## Plotly Tutorial
- Ref : https://towardsdatascience.com/the-next-level-of-data-visualization-in-python-dd6e99039d5e

## Overview
- Open-source library built on plotly.js which in turn is built on d3.js
- Get the efficiency of coding in Python with the interactive graphics capabilities of d3

## Extension / Wrapper
- cufflinks : Wrapper on plotly for designed to work with Pandas dataframes

## Installation
- pip install plotly
- pip install cufflinks

## How to use (Version 3.10)

### Import

In [1]:
import numpy as np
import pandas as pd

In [44]:
import plotly.plotly as py
import plotly.figure_factory as ff
import plotly.graph_objs as go
from plotly.offline import iplot, init_notebook_mode
import cufflinks

In [3]:
cufflinks.go_offline(connected=True)
init_notebook_mode(connected=True)

### Single Variable Distributions
- Require to install pyarrow (conda install -c conda-forge pyarrow)

In [4]:
# Read data
df = pd.read_parquet('medium_data_2019_01_06')
df.head(3)

Unnamed: 0,claps,days_since_publication,fans,num_responses,publication,published_date,read_ratio,read_time,reads,started_date,...,type,views,word_count,claps_per_word,editing_days,<tag>Education,<tag>Data Science,<tag>Towards Data Science,<tag>Machine Learning,<tag>Python
121,2,574.742788,2,0,,2017-06-10 14:25:00,41.98,7,68,2017-06-10 14:24:00,...,published,162,1859,0.001076,0,0,0,0,0,0
122,18,567.424835,3,0,,2017-06-17 22:02:00,32.93,14,54,2017-06-17 22:02:00,...,published,164,3891,0.004626,0,0,0,0,0,0
123,50,554.804959,19,0,,2017-06-30 12:55:00,20.19,42,215,2017-06-30 12:00:00,...,published,1065,12025,0.004158,0,0,0,0,1,1


In [9]:
# Histogram
df['claps'].iplot(kind='hist', xTitle='claps',
                  yTitle='count', title='Claps Distribution', )

In [20]:
# Overlaid histograms
df[['claps', 'fans']].iplot(
    kind='hist',
    histnorm='percent',
    barmode='overlay')

In [30]:
# Bar Plot (Data is resampled according to month)
df2 = df[['views','reads','published_date']].\
         set_index('published_date').resample('M').mean()

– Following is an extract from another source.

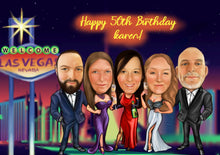 Load image into Gallery viewer, Colour caricature with background - big birthday las vegas theme - drawings and portraits from your photos - drawking.com - DrawKing
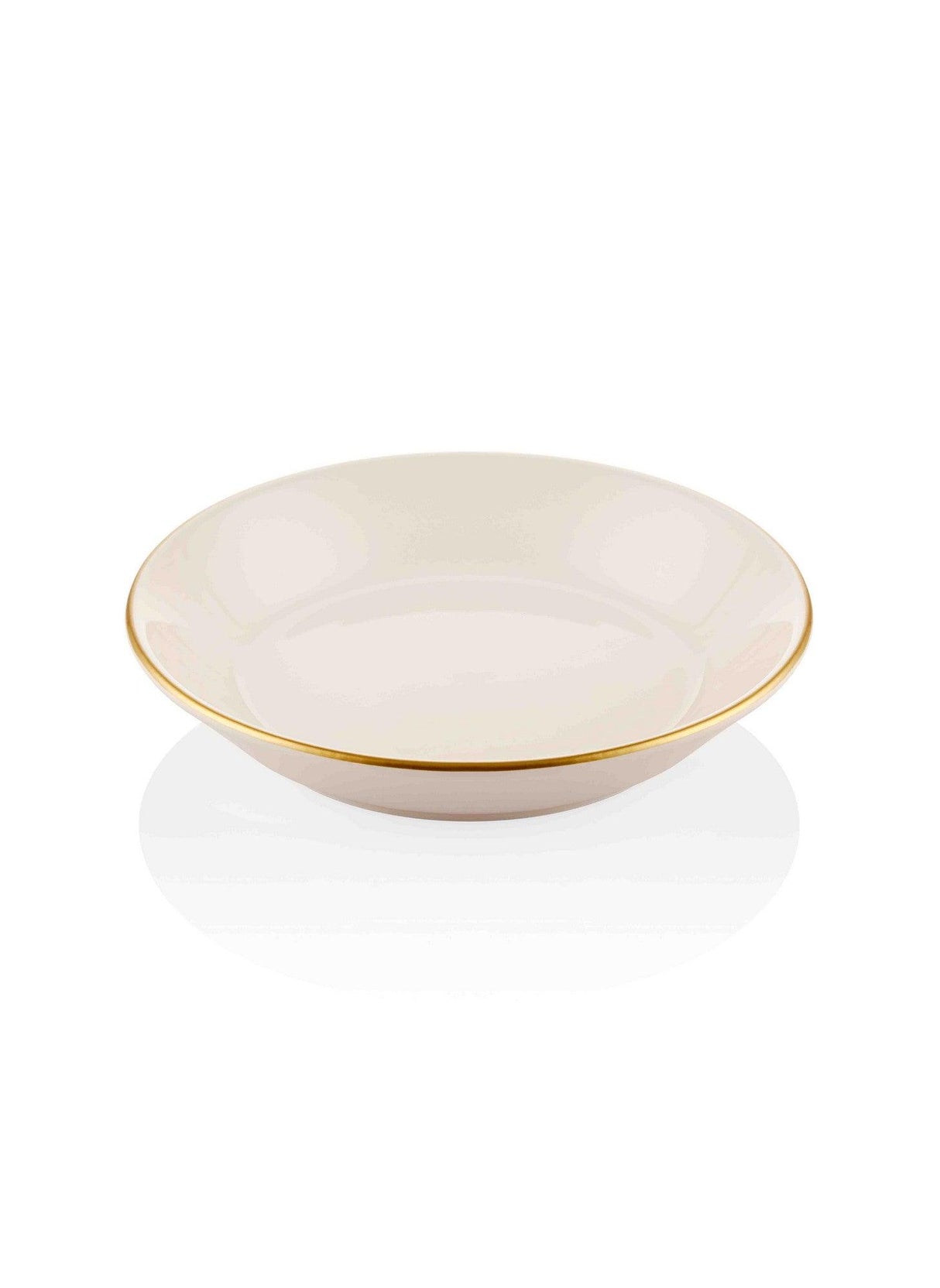 Set 6 Farfurii Pluto, Ceramica, Crem, 20 cm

df2.iplot(kind='bar', xTitle='Date', yTitle='Average',
          title='Monthly Average Views and Reads')

In [34]:
# Box Plot
df.pivot(columns='publication', values='fans').fillna(0).iplot(
         kind='box',
         yTitle='fans',
         title='Fans Distribution by Publication')

In [40]:
# Scatterplots
tds = df[df['publication'] == 'Towards Data Science'].set_index('published_date')

tds[['claps', 'fans', 'title']].iplot(
    y='claps', mode='lines+markers', secondary_y = 'fans',
    secondary_y_title='Fans', xTitle='Date', yTitle='Claps',
    text='title', title='Fans and Claps over Time')

In [43]:
# Scatterplots (Two variable + One Category)
df.iplot(kind='scatter', x='read_time', y='read_ratio',
         categories='publication',
         xTitle='Read Time', yTitle='Reading Percent',
         title='Reading Percent vs Read Ratio by Publication')

In [51]:
# Scatter Matrix
figure = ff.create_scatterplotmatrix(df[['claps', 'publication', 'views', 'read_ratio','word_count']],
                                     diag='histogram', index='publication', height=1000, width=1000)
iplot(figure)

In [55]:
# Correlation Heatmap
corrs = df.corr()

figure = ff.create_annotated_heatmap(z=corrs.values,
                                     x=list(corrs.columns),
                                     y=list(corrs.index),
                                     annotation_text=corrs.round(2).values,
                                     showscale=True)

iplot(figure)